Field Guide くりんとのフィールドノート
第3砲台跡(弾薬支庫)
【由良要塞】 「友ヶ島」は、地ノ島、神島、沖ノ島、虎島の総称である。第2次世界大戦が終わるまでは、軍事施設「由良要塞」として、一般人の立入は禁止されていた。戦後、南海電鉄によって観光開発が行われ、南汽観光の加太港−沖ノ島間航路も開設された。タイワンジカやタイワンリス、クジャクまで放たれ、夏場はキャンプなどで賑わった。2000年を過ぎると、観光客数が最盛期の1/5まで減少し、南海電鉄は2002年3月に完全撤退する。航路は(有)友ヶ島汽船に引き継がれたものの、その後、加太漁業協同組合が「(株)友ヶ島汽船」を設立して運行している。 すっかり観光客の遠のいた友ヶ島だが、近年、ジブリ映画『天空の城ラピュタ』を体感できるスポットとして若者の人気を集めつつある。というのも、戦前の軍事施設である砲台跡や煉瓦造りの地下弾薬施設が良好な状態で残っており、なかなかの見応えがある。この島に自生する常緑樹が煉瓦の建造物を徐々に飲み込もうと言わんばかりに繁茂している様が、ラピュタっぽいのかもしれない。これら『友ヶ島砲台群』は、2003年、土木学会選奨土木遺産に選ばれている。 一方、対岸の加太地区にも、同様の軍事施設が点在している。紀淡海峡に臨む深山、加太、友ヶ島、由良(淡路島)、鳴門海峡に臨む福良(淡路島)の軍事施設を総称して、「由良要塞」と呼んでいる。 【由良要塞重砲兵連隊】 古くは、日清戦争中の明治27年12月に「要塞砲兵第二連隊」として由良に開設され、明治29年5月に「由良要塞砲兵連隊」と改称、明治30年7月には、その第三大隊として深山に兵舎や砲台が設置された。その後、組織の再編などがあり、太平洋戦争開戦前後の昭和16年になると、「由良要塞重砲兵連隊」に改編され、連隊本部は由良に移転する。
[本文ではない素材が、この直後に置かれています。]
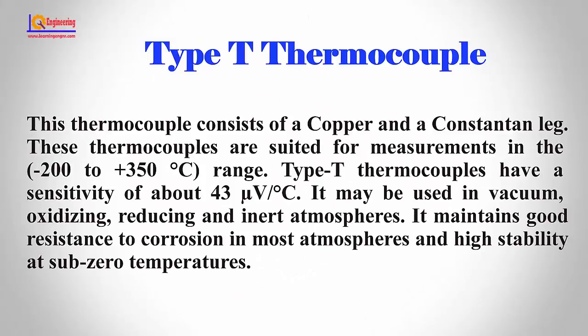Type T thermocouple. This thermocouple consists of a copper and a constantan leg. These thermocouples are suited for measurements in the minus 200°C to plus 350°C range. Type T thermocouples have a sensitivity of about 43 microvolts per degree centigrade.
昭和17年12月には、組織の再編成があり、「中部第七十五部隊」と称した。 一方、海面の防衛及び警備は、昭和16年11月に「大阪警備府」が新設され、和歌山、大阪、兵庫、徳島、高知県の海上を担当警備区域としている。 (参考文献:『太平洋戦争と和歌山県』川合功一・著)
【二十八糎榴弾砲(にじゅうはちせんちりゅうだんほう)】 大阪砲兵工廠がイタリア式28cm榴弾砲を参考に試作したもので、1884年(明治17年)に第1号が完成。1904年に始まった日露戦争では、二〇三高地の戦いを含む旅順攻囲戦で18門が投入され、旅順港内に停泊するロシア艦隊にも大打撃を与えて貢献した。二十八糎榴弾砲が野戦に投入されたのは、日中戦争の1939年(昭和14年)11月3日に行われた潼関砲撃作戦であり、その後は、対艦用の要塞砲として配備され、本土決戦に備えている間に終戦を迎えた。 ここ由良要塞でも、友ヶ島に計14門、深山・加太に計18門配備されたが、日露戦争時に活躍した大砲が、アメリカの艦隊相手にどこまで通用したのだろうか。時代はもはや、航空戦であり、結局、空襲を受けることもなく終戦を迎えた。 この榴弾砲のピットロード製1/72プラモデルが販売されており、製作してみた。友ヶ島の砲台・砲座に、重ねてみるとおりイメージが深まる。 【二十七糎加農砲(にじゅうななせんちかのんほう)】 フランス・スナイドル社製の最新砲で、217kgの弾を14km飛ばせる威力をもち、紀伊水道や大阪湾内も射程内に収めていたようだ。全国の120を超える砲台の中で、わずか10砲台にのみ設置されたという優れもの。 (和歌山社会経済研究所HPより引用) 【砲台と堡塁】 要塞には、対艦射撃用の海岸砲台である「砲台」と、海岸砲台の背面を守る陸戦砲台の「保塁」とがあり、これらを組み合わせた。